Your output should be the line with "Google The White Horse in Quorn" and all following lines of the data below, through the end, repeated exactly.
────────
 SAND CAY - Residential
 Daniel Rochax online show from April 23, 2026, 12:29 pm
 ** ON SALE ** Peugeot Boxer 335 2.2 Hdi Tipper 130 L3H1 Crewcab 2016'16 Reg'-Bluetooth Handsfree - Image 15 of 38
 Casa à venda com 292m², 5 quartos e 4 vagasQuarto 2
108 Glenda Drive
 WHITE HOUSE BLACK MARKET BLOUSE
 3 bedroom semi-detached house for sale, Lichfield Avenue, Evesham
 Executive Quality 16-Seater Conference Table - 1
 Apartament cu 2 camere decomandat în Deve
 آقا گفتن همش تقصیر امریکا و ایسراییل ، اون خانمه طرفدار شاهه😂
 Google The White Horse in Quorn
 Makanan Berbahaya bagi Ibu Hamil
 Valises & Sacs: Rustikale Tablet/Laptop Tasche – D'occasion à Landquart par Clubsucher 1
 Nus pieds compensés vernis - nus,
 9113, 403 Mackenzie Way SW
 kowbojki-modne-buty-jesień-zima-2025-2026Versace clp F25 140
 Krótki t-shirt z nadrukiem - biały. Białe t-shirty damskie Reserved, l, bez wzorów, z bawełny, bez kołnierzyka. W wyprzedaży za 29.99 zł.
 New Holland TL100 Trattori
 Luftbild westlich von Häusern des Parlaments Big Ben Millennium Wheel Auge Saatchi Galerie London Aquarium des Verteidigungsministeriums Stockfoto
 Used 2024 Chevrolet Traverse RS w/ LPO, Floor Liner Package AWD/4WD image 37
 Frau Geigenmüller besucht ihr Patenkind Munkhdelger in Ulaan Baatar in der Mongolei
────────
Answer to this problem –
 Google The White Horse in Quorn
 Makanan Berbahaya bagi Ibu Hamil
 Valises & Sacs: Rustikale Tablet/Laptop Tasche – D'occasion à Landquart par Clubsucher 1
 Nus pieds compensés vernis - nus,
 9113, 403 Mackenzie Way SW
 kowbojki-modne-buty-jesień-zima-2025-2026Versace clp F25 140
 Krótki t-shirt z nadrukiem - biały. Białe t-shirty damskie Reserved, l, bez wzorów, z bawełny, bez kołnierzyka. W wyprzedaży za 29.99 zł.
 New Holland TL100 Trattori
 Luftbild westlich von Häusern des Parlaments Big Ben Millennium Wheel Auge Saatchi Galerie London Aquarium des Verteidigungsministeriums Stockfoto
 Used 2024 Chevrolet Traverse RS w/ LPO, Floor Liner Package AWD/4WD image 37
 Frau Geigenmüller besucht ihr Patenkind Munkhdelger in Ulaan Baatar in der Mongolei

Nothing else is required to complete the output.